**PROBLEM**
Copy out each line of the material exactly. Pictures do not belong in the copy.

**RAW DATA**
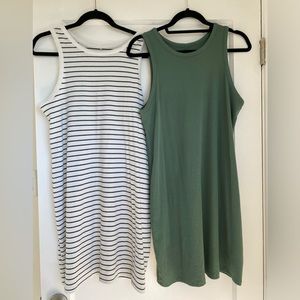 A New Day Womens Racer Back Dresses- one white/black stripe and sage green. NWOT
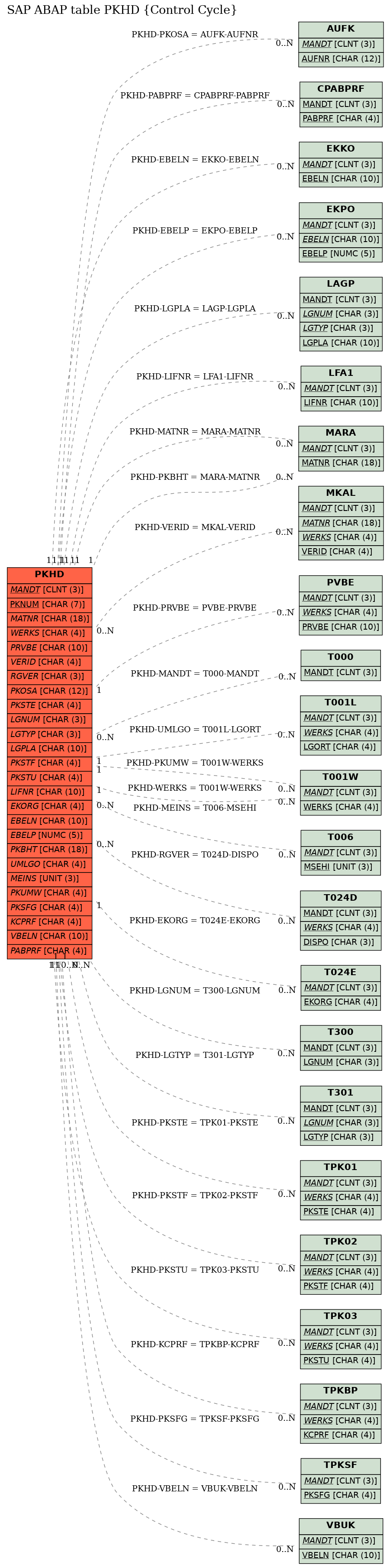 E-R Diagram for table PKHD (Control Cycle)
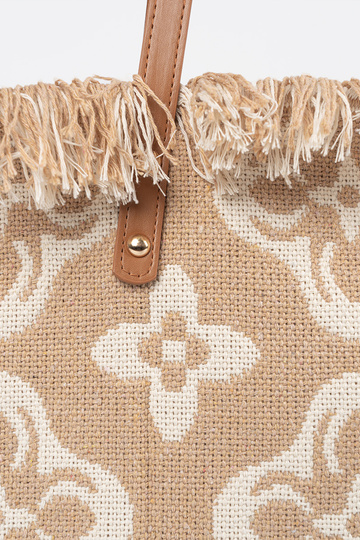 Beige Strandtasche über der... 2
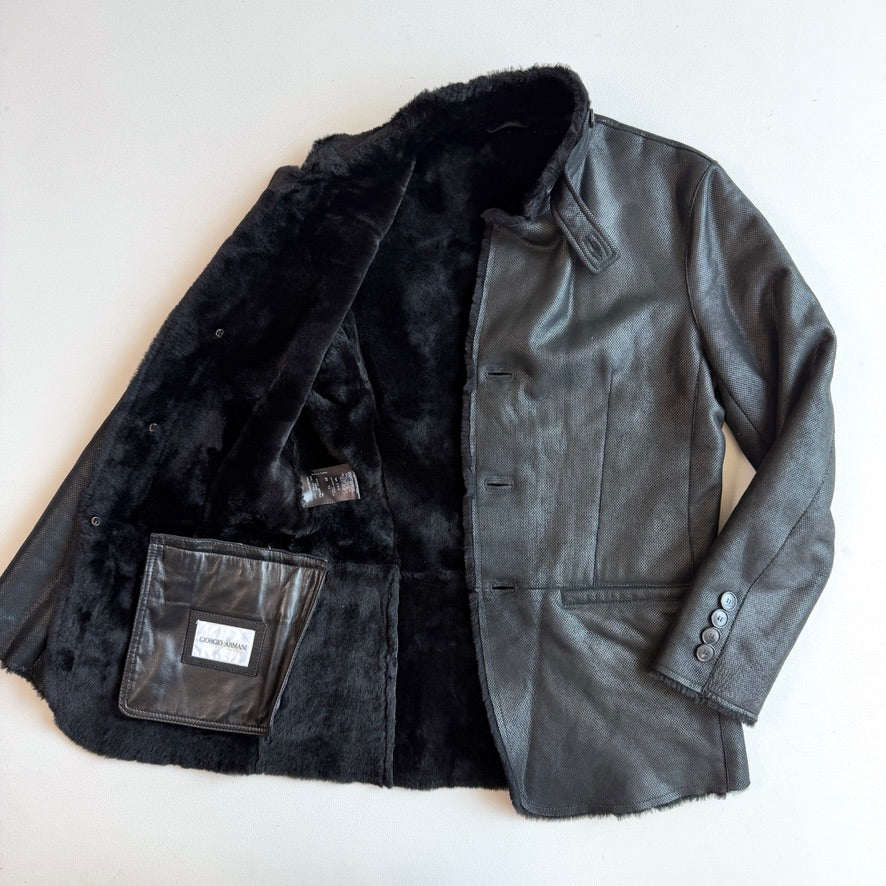 Giorgio Armani (48IT /38R) Lamb Shearling Leather Black Button Coat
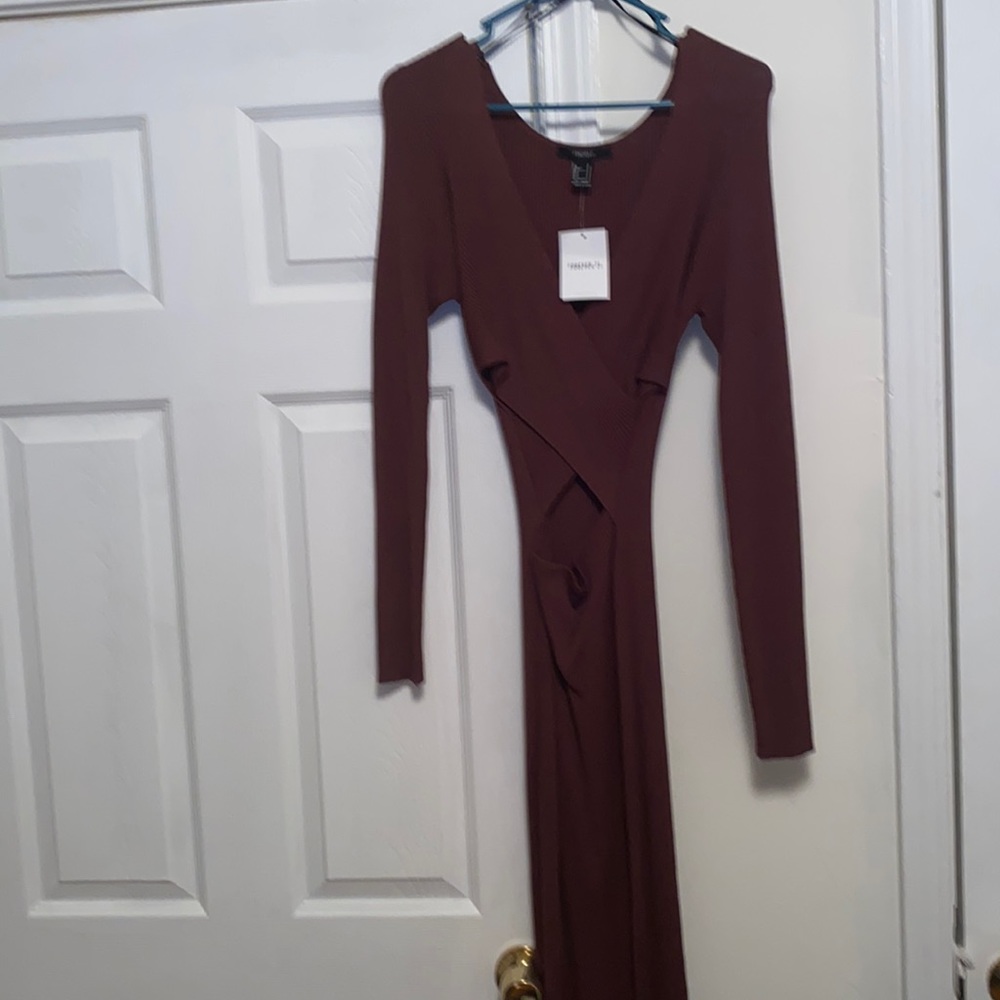 Brown open stomach dress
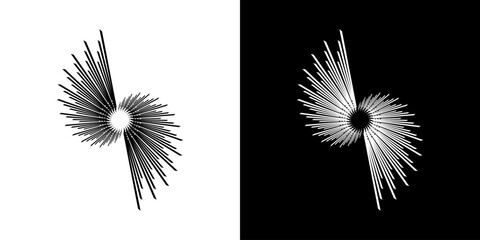 Dynamic abstract spiral sound wave rhythm lines. Circular spiral sound wave rhythm of lines. Circular futuristic abstract lines, black and white background.	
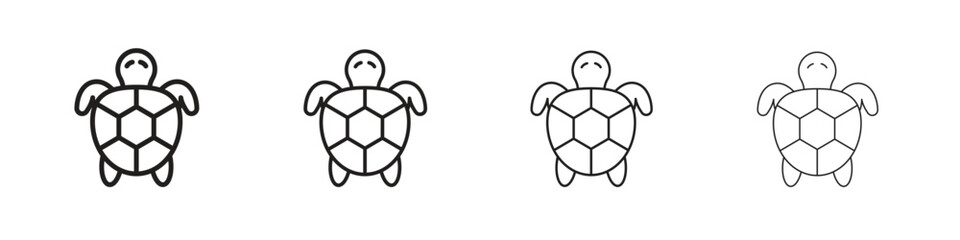 Obraz premium Turtle icons in black simple line elements.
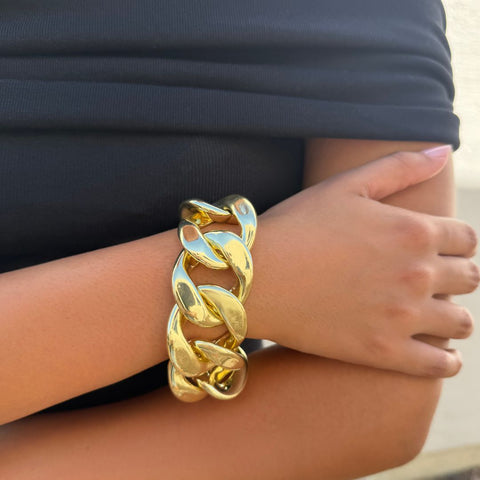 Gold Plated Lightweight Chunky Curb Chain Bracelet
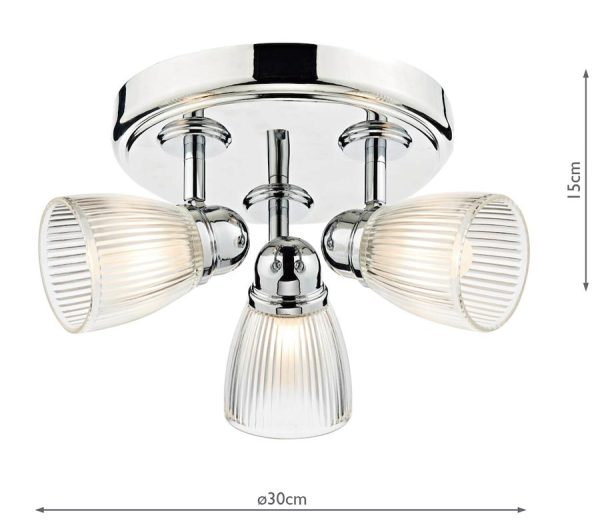 Dar Cedric Retro 3 Lamp Bathroom Ceiling Light Chrome Ribbed Glass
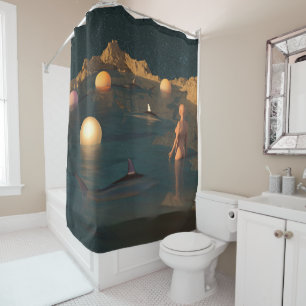 Night Swimming Shower Curtain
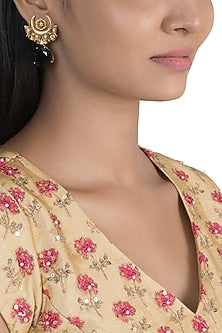 Gold Finish Faux Kundan Polki & Green Stone Earrings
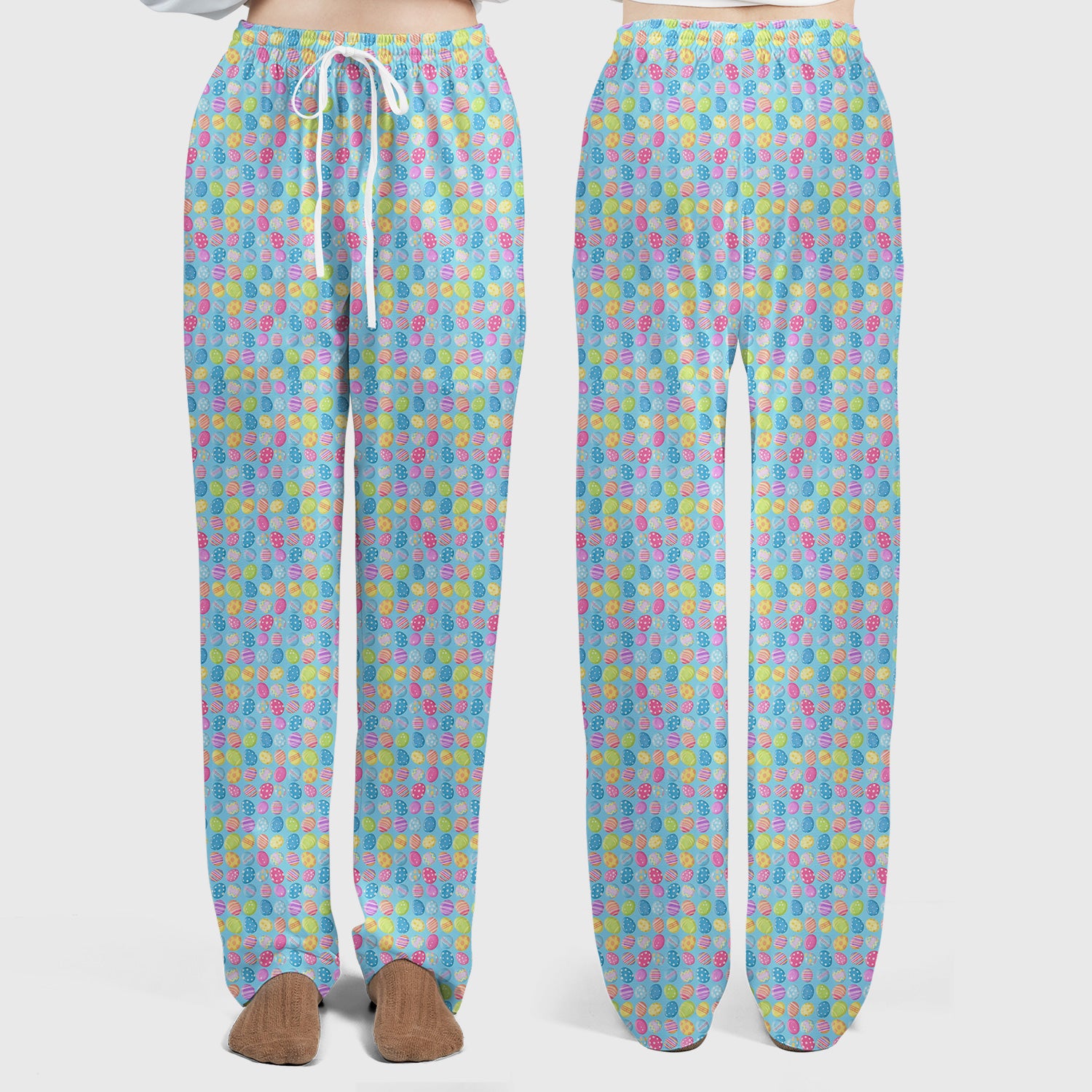 Colorful Easter Eggs Pattern Scrub Set, Scrub Pants and V Neck Top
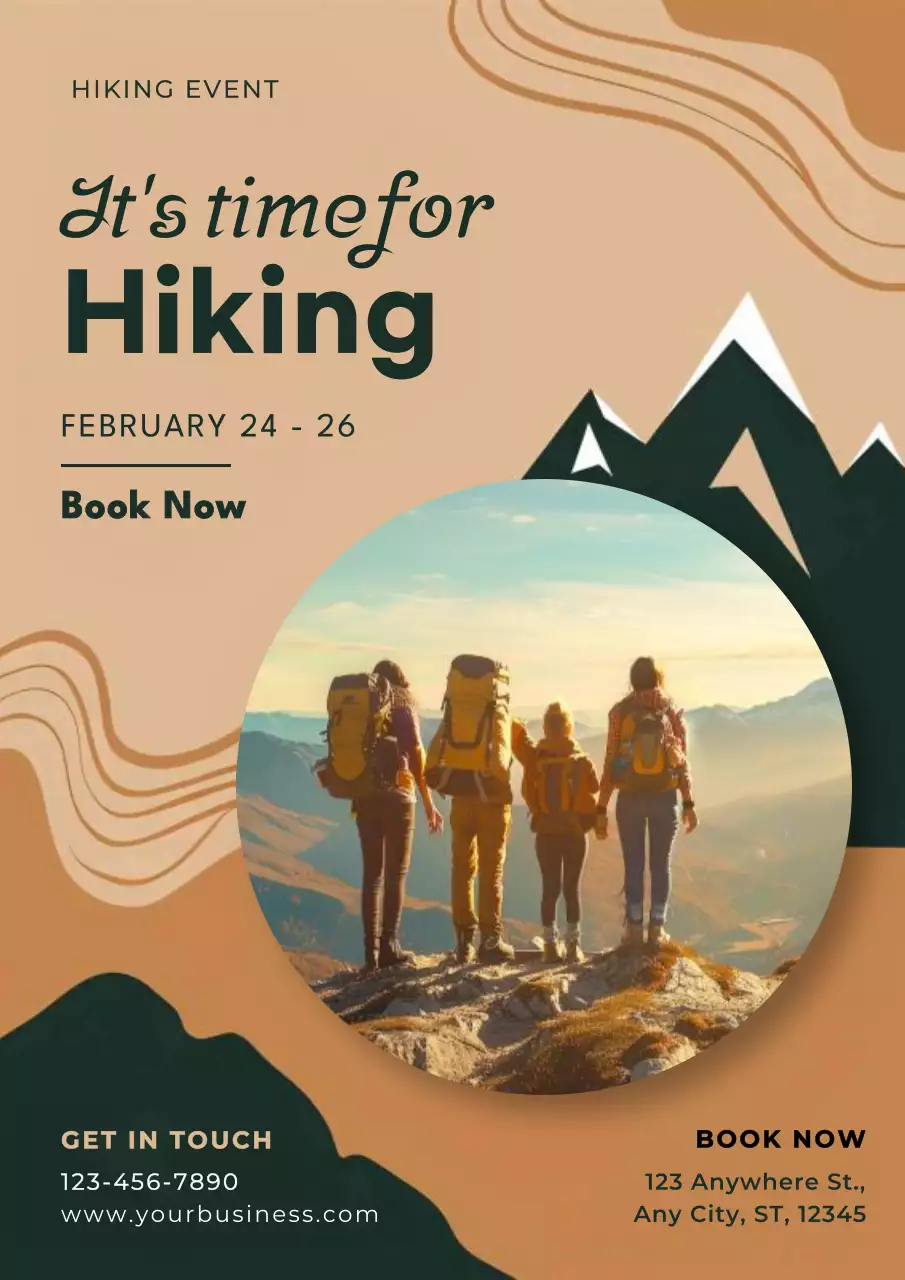 Beige Modern Hiking Promotion Poster
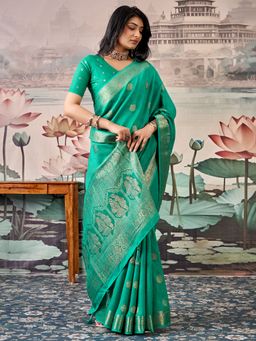 Akhilam - Women's Georgette Turquoise Woven Design Saree with Unstitched Blouse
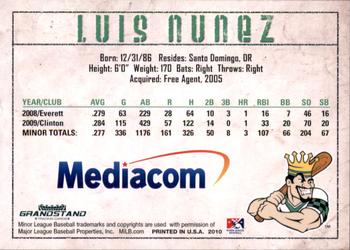 2010 Grandstand Clinton LumberKings Update 2 #NNO Luis Nunez Back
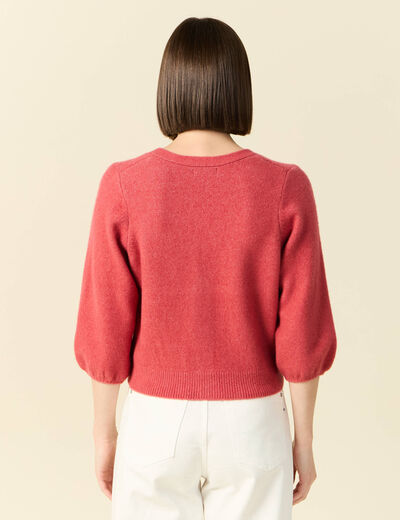 Gilet manches 3/4 rose framboise femme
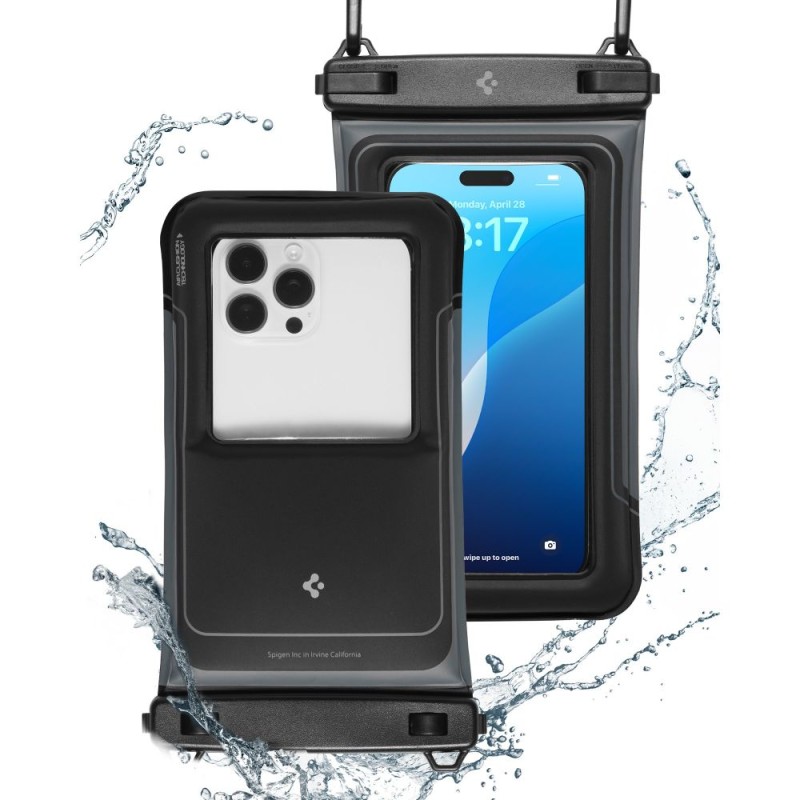 Spigen A611P Универсален водоустойчив плаващ калъф 2 броя (матов черен) - 8800283301731-ACS09348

**COMPLETED EXERCISE**
 A New Day Womens Racer Back Dresses- one white/black stripe and sage green. NWOT
 E-R Diagram for table PKHD (Control Cycle)
 Beige Strandtasche über der... 2
 Giorgio Armani (48IT /38R) Lamb Shearling Leather Black Button Coat
 Brown open stomach dress
 Dynamic abstract spiral sound wave rhythm lines. Circular spiral sound wave rhythm of lines. Circular futuristic abstract lines, black and white background.	
 Obraz premium Turtle icons in black simple line elements.
 Gold Plated Lightweight Chunky Curb Chain Bracelet
 Dar Cedric Retro 3 Lamp Bathroom Ceiling Light Chrome Ribbed Glass
 Night Swimming Shower Curtain
 Gold Finish Faux Kundan Polki & Green Stone Earrings
 Colorful Easter Eggs Pattern Scrub Set, Scrub Pants and V Neck Top
 Beige Modern Hiking Promotion Poster
 Akhilam - Women's Georgette Turquoise Woven Design Saree with Unstitched Blouse
 2010 Grandstand Clinton LumberKings Update 2 #NNO Luis Nunez Back
 Gilet manches 3/4 rose framboise femme
 Spigen A611P Универсален водоустойчив плаващ калъф 2 броя (матов черен) - 8800283301731-ACS09348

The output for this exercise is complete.